Sir Victor said it was "the right time" to appoint a new chairman
Shares in Lloyds Banking Group have risen following chairman Sir Victor Blank's announcement he would be stepping down by June next year.
Lloyds shares closed 9.9%, or 8.8 pence, higher at 98p.
Sir Victor has been chairman of Lloyds since 2006 but has faced criticism for the decision to buy HBOS last year.
Separately, Lloyds said investors would be able to buy up to £4bn of shares from 20 May to replace preference shares held by the Treasury.
Lloyds announced the cash-raising plan in March.
The share offer is underwritten by the Treasury so if shareholders do not take up any shares, they will be bought by the Treasury.
That would increase the stake in the bank owned by UK taxpayers from 43% to about 65%.
Sir Victor announced on Sunday that he would retire next year, saying it was "the right time for the Group to appoint a new chairman".
Lloyds' takeover of HBOS was approved by a court in Edinburgh in January, with the government waiving competition concerns.
At the time, Lloyds chief executive Eric Daniels said the combined group would have "a strong financial position".
But in February Lloyds said that HBOS had made a loss of £10.8bn in 2008.

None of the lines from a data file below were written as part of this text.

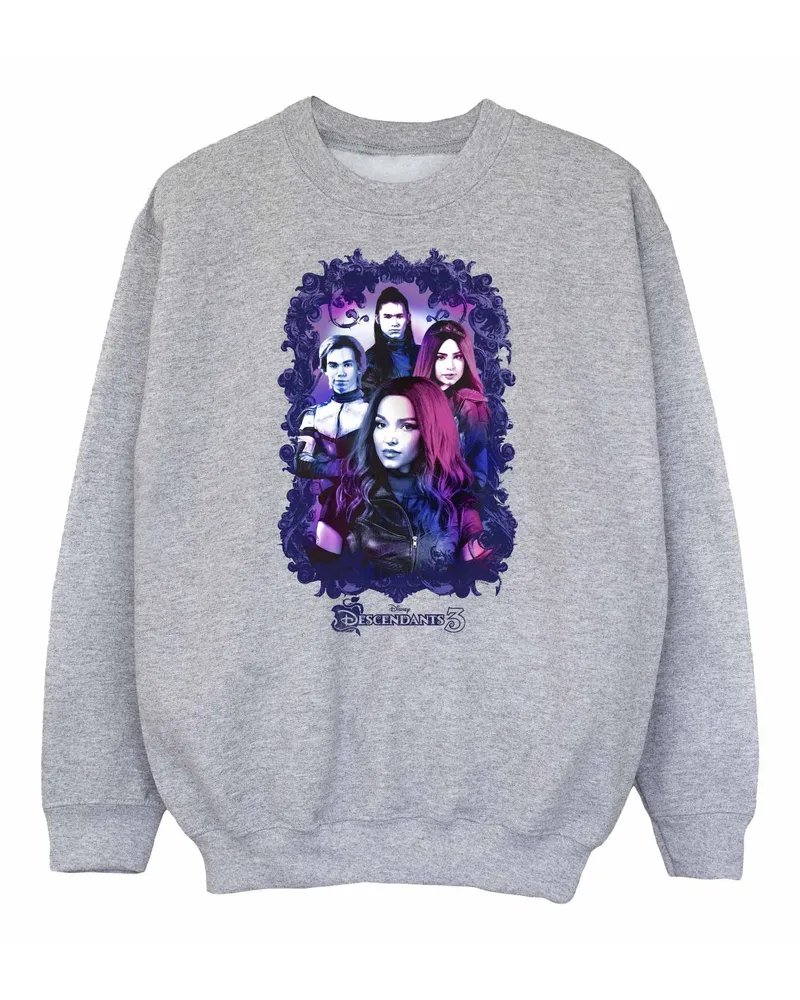 Disney The Descendants Attitude" Sweatshirt für Mädchen (Grau Hellgrau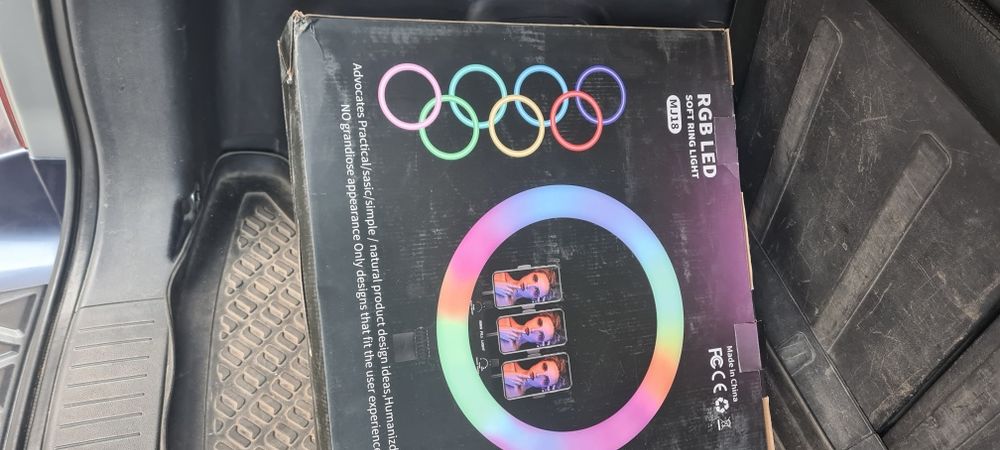 Кольцевая лампа 45см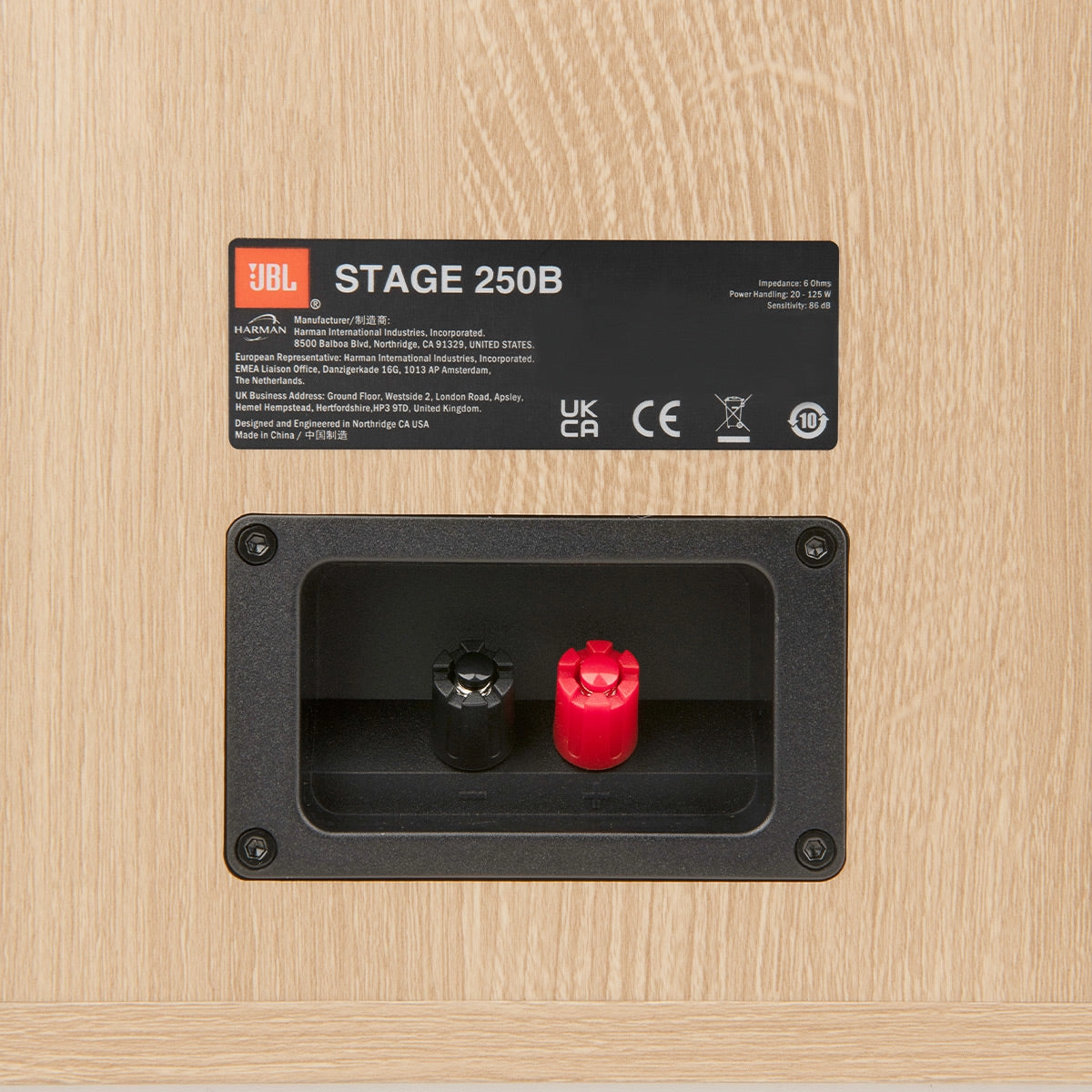 JBL Stage 250B 5.25" Bookshelf Speakers - Pair (White)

Sir Victor and Mr Daniels have both come under fire for taking on HBOS.
"He is certainly culpable for what's happened at Lloyds but he's by no means individually or solely responsible for what's taken place at the merged group," Euan Stirling, investment director at Standard Life Investments, told the BBC.
Standard Life Investments is an institutional shareholder in Lloyds Banking Group.
"[Lloyds] did take on a very, very risky loan book in HBOS. I think this is going to turn out to be the worst loan portfolio in the history of UK banking," Mr Stirling added.
However the BBC's business editor Robert Peston says at some point Lloyds will have absorbed all of HBOS's losses and will be "a gargantuan collector of our earnings and savings".
The decision to buy HBOS therefore may not look so bad in two or three years, he says.
Lloyds has 2.8m private investors.
They are being offered 0.6213 shares at 38.43 pence for each share owned.
That is a discount of 56.9% on Friday's closing price of 89.2p.
Lloyds said the average private shareholder has about 550 shares. They would be able to buy 340 new shares for £130.
Previous attempts by banks to raise cash via share offers have been snubbed by investors because the offer price has been above the market value.
Last year RBS sought to raise £12bn, but only 0.24% of the new shares on offer were taken up by shareholders.
The offer price of 65.5p was about 10p higher than the price at which the shares were trading.